> **Task input**:
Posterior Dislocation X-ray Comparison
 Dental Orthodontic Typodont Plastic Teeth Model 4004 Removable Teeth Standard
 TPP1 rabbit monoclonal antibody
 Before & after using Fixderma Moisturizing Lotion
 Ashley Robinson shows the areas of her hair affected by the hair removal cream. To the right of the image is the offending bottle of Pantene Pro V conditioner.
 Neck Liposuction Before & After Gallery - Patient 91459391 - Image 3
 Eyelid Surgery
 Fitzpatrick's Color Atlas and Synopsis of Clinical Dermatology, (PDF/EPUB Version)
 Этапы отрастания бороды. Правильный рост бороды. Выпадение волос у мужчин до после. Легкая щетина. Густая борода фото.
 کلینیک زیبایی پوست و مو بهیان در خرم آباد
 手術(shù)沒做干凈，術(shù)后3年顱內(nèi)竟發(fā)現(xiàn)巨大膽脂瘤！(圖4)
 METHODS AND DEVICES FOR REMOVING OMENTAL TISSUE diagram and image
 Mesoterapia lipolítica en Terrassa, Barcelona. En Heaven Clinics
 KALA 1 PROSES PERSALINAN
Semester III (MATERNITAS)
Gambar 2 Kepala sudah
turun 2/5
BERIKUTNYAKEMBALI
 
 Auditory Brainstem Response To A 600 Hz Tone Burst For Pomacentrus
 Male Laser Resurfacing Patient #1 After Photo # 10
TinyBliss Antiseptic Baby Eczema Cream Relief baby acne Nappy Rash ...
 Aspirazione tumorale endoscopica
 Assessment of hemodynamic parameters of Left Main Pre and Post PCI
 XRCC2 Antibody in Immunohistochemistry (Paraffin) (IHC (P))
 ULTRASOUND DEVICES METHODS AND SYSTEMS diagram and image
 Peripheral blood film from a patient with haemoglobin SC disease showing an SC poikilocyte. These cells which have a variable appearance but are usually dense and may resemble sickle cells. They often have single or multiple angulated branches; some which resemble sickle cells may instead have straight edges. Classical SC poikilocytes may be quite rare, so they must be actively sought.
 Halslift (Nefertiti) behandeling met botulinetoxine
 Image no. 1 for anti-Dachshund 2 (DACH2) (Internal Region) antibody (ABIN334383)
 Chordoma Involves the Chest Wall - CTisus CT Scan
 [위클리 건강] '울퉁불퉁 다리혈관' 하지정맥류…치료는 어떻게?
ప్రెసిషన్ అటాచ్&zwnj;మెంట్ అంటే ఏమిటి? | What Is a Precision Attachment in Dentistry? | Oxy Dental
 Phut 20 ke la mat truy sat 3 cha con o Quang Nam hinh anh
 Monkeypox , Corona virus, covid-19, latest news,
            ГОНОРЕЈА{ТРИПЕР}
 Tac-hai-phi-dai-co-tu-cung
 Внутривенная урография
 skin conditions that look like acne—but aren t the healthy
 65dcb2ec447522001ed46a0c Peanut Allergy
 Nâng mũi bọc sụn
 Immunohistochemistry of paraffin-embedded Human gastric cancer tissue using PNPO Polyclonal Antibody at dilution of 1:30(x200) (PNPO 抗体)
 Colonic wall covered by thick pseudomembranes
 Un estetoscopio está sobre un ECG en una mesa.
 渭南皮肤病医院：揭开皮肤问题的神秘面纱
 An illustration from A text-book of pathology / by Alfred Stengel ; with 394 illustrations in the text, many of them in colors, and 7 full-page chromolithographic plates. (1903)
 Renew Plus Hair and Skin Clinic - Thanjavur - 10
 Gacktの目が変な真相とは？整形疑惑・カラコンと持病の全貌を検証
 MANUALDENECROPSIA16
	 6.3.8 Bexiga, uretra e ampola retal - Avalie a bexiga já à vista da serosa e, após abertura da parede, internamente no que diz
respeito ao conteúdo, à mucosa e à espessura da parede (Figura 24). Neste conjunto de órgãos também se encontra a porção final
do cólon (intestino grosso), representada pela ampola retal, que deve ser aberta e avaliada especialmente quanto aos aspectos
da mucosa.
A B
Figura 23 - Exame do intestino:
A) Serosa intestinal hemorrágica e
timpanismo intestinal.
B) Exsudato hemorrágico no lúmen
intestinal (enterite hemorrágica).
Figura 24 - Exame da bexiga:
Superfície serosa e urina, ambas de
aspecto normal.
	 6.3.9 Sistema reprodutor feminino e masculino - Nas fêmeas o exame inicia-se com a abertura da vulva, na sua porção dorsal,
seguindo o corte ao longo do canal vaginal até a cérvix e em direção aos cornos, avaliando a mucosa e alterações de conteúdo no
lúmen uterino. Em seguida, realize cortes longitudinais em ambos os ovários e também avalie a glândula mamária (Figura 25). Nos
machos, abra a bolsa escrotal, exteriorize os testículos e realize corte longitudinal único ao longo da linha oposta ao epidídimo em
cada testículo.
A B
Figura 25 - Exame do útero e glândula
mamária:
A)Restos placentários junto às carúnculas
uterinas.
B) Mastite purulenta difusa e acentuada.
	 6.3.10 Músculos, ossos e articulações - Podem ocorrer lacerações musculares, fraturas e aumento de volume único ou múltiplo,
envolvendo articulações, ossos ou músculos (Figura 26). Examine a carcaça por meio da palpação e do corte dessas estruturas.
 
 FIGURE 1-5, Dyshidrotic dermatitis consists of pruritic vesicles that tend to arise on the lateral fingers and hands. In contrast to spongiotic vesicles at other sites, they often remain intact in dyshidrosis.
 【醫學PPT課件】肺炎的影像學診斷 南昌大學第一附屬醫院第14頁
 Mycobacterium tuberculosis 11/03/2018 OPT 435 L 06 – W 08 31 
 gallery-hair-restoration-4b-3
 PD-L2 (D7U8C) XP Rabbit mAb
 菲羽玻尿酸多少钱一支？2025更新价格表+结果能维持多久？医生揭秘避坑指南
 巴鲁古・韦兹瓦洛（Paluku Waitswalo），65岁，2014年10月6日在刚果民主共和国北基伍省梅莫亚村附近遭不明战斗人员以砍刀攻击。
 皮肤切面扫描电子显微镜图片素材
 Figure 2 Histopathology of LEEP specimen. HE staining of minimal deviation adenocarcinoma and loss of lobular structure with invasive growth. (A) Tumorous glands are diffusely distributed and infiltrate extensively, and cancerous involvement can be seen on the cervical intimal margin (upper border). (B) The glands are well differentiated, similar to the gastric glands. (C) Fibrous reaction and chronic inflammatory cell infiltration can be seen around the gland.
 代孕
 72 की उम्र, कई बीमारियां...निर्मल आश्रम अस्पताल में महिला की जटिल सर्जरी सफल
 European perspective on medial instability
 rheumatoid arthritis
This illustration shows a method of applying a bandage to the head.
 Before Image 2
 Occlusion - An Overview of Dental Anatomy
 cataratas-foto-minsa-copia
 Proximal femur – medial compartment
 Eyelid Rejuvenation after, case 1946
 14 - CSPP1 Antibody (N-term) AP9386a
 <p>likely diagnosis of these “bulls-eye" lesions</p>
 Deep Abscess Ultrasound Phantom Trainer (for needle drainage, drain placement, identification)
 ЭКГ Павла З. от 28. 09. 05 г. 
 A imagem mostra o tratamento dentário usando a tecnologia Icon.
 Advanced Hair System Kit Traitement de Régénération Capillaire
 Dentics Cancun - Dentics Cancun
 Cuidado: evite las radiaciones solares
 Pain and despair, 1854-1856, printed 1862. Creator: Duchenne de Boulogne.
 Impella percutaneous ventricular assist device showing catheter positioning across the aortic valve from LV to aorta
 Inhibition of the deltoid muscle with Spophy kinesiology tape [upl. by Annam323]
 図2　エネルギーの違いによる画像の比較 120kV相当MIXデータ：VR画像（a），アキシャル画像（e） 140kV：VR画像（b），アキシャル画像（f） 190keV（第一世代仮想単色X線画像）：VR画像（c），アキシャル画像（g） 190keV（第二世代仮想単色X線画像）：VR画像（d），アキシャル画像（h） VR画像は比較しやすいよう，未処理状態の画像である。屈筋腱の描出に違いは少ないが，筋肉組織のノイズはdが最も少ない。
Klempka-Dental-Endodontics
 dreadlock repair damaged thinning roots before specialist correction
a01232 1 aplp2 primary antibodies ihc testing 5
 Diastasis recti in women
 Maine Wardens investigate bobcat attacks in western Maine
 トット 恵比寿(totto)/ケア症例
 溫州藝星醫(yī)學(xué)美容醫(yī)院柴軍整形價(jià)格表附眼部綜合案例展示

> **Work instruction**: Report, from the entries above, each line where "bexiga" is found.

> **Result of this task**:
	 6.3.8 Bexiga, uretra e ampola retal - Avalie a bexiga já à vista da serosa e, após abertura da parede, internamente no que diz
Figura 24 - Exame da bexiga:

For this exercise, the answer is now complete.